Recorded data
------------------------------------------------------------

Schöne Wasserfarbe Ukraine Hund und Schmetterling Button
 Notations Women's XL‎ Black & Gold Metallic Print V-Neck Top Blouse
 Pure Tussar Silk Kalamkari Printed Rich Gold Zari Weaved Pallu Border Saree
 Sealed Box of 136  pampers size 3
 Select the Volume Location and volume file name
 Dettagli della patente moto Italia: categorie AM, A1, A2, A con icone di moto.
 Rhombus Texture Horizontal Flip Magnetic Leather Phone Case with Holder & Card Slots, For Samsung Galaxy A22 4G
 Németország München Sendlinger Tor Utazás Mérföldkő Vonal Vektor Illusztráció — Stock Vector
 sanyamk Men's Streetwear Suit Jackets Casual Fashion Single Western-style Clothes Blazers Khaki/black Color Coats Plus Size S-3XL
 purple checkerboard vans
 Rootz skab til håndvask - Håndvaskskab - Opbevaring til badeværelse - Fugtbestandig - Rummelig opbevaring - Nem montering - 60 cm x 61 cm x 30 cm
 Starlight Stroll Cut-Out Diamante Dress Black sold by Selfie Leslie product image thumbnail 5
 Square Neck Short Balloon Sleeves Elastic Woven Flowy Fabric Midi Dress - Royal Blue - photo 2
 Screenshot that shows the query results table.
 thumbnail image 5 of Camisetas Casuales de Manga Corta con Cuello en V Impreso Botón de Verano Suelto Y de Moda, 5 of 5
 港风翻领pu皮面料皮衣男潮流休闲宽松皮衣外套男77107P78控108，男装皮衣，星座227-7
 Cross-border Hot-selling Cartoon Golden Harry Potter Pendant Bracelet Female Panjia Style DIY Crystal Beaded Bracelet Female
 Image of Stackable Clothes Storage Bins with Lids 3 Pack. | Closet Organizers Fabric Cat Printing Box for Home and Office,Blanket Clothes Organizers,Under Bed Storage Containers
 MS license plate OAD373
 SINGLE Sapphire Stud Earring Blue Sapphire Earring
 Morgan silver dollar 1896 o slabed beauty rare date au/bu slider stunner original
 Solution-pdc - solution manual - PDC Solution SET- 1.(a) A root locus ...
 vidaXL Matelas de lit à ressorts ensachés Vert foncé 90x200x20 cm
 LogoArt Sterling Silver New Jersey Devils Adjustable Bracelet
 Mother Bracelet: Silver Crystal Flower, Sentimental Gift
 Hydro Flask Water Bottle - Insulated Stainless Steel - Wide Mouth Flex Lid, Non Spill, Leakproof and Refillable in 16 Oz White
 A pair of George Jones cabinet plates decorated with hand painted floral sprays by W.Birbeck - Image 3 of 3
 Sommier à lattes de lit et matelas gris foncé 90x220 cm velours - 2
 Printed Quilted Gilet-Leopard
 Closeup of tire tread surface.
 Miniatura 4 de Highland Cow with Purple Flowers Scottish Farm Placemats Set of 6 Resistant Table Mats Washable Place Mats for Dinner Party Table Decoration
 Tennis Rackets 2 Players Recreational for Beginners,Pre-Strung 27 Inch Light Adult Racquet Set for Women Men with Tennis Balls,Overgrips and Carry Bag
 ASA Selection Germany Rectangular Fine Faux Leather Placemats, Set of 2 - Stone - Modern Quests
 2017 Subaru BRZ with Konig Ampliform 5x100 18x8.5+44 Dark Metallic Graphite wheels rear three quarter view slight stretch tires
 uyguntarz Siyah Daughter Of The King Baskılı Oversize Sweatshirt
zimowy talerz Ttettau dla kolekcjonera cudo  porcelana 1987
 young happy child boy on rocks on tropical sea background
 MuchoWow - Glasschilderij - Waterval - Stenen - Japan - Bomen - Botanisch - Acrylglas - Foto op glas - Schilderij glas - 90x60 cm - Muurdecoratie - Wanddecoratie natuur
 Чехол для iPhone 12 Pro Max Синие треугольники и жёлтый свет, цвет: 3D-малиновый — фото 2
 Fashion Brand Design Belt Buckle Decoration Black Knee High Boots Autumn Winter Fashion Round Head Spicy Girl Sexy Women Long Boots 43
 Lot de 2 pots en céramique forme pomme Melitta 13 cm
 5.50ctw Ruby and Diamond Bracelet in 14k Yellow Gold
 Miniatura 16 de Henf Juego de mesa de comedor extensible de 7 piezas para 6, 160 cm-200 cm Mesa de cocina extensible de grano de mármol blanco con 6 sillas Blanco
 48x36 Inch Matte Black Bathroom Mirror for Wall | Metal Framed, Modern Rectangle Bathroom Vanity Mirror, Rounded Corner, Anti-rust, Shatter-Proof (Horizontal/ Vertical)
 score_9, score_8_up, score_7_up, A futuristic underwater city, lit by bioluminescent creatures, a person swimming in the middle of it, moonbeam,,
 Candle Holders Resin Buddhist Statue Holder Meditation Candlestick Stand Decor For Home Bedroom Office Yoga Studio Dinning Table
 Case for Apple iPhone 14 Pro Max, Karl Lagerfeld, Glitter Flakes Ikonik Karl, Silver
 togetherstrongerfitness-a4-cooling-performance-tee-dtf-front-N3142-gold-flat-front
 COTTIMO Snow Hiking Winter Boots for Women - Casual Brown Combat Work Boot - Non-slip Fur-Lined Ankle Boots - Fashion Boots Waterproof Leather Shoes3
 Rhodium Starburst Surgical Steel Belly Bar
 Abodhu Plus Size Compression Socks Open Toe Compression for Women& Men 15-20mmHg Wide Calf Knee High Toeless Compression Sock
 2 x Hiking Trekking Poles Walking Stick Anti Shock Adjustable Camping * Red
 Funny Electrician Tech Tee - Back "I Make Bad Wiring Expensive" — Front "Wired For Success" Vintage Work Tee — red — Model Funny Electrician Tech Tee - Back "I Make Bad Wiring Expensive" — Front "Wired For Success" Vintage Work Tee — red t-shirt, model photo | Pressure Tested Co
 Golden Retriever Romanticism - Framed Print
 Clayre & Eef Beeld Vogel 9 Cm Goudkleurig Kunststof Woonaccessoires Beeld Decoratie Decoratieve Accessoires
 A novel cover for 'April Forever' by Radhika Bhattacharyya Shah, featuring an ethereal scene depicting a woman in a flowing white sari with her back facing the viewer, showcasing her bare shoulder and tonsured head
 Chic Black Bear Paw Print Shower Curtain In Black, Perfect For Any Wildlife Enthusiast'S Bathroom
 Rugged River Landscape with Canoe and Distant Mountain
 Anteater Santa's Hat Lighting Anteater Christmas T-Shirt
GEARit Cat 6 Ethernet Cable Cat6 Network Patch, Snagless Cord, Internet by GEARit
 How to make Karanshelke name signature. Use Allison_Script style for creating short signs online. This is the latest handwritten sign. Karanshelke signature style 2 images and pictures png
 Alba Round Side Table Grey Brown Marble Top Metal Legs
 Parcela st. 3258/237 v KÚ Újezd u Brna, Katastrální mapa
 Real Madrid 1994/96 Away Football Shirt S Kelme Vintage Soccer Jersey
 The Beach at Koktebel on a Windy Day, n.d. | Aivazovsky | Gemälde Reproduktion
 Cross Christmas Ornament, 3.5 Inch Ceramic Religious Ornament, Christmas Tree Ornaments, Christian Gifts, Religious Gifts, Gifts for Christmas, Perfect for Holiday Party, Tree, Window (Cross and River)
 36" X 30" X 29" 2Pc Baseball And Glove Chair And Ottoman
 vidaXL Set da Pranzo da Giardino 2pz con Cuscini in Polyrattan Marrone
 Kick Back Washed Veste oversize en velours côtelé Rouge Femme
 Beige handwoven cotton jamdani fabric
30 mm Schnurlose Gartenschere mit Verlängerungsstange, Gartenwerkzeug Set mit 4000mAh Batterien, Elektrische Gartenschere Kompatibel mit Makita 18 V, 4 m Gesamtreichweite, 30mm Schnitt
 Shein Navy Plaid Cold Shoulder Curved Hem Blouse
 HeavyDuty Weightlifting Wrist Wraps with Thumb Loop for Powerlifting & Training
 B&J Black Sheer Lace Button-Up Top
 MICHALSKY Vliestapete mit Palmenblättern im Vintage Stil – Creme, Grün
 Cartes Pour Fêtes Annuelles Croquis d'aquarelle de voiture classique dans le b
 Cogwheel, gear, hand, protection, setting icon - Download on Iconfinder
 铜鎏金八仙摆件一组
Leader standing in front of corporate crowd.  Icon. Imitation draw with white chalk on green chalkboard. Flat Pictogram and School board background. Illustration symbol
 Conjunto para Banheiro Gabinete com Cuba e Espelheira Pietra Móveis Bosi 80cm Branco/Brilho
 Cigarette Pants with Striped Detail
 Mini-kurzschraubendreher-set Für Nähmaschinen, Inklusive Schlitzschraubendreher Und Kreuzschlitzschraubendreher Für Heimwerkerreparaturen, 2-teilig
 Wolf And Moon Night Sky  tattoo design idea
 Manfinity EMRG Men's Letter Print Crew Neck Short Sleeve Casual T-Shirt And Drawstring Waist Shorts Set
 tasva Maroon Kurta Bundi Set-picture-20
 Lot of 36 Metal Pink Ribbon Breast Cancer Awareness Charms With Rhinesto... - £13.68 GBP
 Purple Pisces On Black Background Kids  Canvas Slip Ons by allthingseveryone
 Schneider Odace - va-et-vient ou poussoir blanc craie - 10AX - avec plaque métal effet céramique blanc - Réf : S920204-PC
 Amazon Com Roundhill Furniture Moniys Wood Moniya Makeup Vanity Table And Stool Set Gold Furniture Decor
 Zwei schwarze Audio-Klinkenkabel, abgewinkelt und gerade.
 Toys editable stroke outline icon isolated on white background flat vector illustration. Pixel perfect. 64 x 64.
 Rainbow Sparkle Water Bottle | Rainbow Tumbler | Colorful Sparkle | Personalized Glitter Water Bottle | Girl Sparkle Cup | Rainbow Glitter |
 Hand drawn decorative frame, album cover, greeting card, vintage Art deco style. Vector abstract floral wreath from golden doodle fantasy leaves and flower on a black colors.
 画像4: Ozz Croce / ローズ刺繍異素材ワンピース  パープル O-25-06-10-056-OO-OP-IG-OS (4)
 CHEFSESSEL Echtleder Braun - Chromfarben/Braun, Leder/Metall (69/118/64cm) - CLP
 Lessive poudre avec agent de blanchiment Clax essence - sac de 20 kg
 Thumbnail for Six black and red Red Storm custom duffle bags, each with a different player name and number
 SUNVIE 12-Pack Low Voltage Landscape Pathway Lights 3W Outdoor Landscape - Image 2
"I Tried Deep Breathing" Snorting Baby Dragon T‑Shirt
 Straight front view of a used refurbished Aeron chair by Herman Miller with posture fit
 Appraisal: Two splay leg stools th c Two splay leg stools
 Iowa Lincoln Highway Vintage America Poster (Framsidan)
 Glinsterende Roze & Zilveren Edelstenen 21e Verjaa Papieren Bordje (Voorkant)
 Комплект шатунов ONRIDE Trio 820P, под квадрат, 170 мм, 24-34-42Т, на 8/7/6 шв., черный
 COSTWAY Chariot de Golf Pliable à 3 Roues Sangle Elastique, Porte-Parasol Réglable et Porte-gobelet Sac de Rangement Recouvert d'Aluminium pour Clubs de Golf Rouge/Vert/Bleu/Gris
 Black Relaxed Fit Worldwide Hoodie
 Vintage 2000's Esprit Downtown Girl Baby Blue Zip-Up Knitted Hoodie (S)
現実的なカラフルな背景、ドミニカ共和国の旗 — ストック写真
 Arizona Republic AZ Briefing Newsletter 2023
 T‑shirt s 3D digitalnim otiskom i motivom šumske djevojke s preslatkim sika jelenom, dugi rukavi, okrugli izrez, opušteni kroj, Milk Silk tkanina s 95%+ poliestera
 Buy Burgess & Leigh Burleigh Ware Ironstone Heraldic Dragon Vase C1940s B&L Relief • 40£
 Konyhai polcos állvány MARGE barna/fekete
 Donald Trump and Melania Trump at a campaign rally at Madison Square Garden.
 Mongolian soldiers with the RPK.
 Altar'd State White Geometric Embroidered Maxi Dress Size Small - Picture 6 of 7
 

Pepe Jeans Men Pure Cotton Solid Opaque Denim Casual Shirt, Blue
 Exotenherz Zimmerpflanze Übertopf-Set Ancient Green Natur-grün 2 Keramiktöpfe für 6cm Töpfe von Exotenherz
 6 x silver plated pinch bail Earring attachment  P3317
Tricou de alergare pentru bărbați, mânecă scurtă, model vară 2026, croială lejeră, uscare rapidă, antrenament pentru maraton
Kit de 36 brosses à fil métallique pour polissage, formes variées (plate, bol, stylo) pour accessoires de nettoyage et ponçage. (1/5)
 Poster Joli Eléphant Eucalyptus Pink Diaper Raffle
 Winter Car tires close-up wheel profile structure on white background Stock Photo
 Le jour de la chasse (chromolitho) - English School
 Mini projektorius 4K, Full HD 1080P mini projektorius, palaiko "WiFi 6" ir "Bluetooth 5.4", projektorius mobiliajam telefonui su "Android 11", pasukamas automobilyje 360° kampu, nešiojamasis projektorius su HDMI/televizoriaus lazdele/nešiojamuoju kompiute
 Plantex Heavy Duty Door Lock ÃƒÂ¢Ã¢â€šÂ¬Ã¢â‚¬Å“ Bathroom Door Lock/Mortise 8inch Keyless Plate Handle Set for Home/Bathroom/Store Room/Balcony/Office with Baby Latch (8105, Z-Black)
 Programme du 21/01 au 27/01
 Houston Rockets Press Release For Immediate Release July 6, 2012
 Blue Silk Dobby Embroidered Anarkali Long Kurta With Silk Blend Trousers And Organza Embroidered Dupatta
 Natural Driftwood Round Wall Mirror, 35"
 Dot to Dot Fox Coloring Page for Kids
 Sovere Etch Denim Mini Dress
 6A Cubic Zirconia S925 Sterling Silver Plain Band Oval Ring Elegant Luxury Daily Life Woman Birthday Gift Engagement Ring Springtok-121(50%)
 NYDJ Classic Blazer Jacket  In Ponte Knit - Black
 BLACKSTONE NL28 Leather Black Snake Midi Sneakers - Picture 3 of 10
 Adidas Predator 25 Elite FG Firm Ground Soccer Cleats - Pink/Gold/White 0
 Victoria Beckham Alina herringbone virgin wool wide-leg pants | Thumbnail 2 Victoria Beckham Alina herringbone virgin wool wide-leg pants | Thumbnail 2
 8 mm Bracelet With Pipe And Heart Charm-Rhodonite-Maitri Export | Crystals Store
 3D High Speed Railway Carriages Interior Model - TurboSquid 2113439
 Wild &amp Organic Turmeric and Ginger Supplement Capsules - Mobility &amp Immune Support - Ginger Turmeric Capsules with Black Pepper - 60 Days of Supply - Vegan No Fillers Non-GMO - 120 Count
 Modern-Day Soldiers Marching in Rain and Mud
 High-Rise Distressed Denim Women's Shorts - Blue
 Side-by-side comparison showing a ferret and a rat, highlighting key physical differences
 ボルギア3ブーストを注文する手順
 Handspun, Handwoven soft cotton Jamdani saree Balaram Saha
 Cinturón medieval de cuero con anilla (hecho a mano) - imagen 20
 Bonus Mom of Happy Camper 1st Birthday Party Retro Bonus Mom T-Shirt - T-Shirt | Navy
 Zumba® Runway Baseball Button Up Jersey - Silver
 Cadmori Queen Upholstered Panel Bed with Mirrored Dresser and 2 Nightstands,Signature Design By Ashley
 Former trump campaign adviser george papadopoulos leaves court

------------------------------------------------------------

→ EXERCISE PROMPT:
Look at the entries above. Say how many lines have the word "Christmas", and give only the number.

→ EXERCISE OUTPUT:
2